I am familiar-ish with how Unicode works, but by no means an expert, so maybe this question is stupid ... Is there a more efficient way of getting the UTF8 sequence for that particular character?

Wrapping the character into a new String only to immediately request the utf8 out of it somehow feels like I'm treading down the wrong path.

I could take the text.utf8 view and then analyze the stream of bytes in turn, but then I'm reimplementing the Unicode decoder so it seems like that's not the answer. The other thing I considered was enumerating text.indices and then using that to fetch each character, and finding the UTF8 slice using characterIndex.samePosition(in: text.utf8) but that intuitively didn't feel efficient (or nice to write either).

(This code is not causing a performance bottleneck, so there's no pressing problem to solve. I'm merely interested if there was something more idiomatic.)

1 Like

For now, you can use String(myCharacter).utf8, which (currently in Swift 5) will not perform a deep copy if the character is large. Swift 5 has small-form optimizations for Characters of up to 15 UTF-8 code units in length, so in practice you often wouldn't even care about the deep copy.
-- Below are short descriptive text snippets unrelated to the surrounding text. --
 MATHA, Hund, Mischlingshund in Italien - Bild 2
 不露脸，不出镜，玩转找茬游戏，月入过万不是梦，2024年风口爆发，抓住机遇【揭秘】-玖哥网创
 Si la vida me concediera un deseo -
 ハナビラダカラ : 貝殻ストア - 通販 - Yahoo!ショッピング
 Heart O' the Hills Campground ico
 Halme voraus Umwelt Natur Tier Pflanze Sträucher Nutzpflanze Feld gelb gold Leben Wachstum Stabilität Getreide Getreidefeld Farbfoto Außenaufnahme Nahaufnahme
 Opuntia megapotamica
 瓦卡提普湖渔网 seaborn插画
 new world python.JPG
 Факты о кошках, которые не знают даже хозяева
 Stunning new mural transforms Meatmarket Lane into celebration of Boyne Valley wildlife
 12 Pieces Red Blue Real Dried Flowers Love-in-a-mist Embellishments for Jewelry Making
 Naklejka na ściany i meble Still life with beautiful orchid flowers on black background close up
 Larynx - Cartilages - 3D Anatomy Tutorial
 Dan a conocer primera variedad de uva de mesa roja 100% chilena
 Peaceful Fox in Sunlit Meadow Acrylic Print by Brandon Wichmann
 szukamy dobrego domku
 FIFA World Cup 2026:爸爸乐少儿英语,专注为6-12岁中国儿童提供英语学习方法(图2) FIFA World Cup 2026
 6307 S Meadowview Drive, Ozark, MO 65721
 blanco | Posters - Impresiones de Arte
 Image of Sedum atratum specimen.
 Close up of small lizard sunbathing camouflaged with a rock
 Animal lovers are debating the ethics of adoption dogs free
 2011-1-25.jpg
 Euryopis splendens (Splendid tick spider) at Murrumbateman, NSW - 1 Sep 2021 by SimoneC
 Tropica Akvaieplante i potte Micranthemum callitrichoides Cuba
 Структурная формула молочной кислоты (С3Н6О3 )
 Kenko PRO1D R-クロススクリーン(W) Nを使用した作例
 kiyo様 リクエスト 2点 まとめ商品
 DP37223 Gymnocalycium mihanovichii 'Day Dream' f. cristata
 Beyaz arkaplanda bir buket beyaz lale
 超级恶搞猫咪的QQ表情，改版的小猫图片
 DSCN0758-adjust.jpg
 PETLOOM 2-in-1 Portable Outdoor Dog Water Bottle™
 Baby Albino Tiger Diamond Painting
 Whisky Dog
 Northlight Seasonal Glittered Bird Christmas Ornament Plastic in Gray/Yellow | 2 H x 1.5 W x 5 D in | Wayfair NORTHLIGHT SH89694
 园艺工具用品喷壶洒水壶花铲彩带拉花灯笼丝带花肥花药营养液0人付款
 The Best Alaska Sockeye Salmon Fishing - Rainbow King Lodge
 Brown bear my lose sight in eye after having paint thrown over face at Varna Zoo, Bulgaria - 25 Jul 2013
After Swift 5.0 wraps up, we should add all of these missing views to the next release, such as UTF8View on Character.

4 Likes

Also, you can try String(myCharacter).utf8.withContiguousStorageIfAvailable { utf8 in ... } if you want the lowest level of access to the content. Another thing we should add next release is something like this directly on String/Character/Unicode.Scalar.

Awesome. Thanks.

Remember also that a Character is not the same as a code point (Unicode scalar). This is one character, but at least three code points: x̂̌ ('x' + COMBINING CIRCUMFLEX ACCENT + COMBINING CARON). It's possible that iterating over text.unicodeScalars is closer to what you want…

(since you didn't specify what doSomethingWith is going to do)

…except that Unicode.Scalar doesn't have a good way to get the UTF-8 out of it either, right now. There's an accessor for UTF-16 but not UTF-8.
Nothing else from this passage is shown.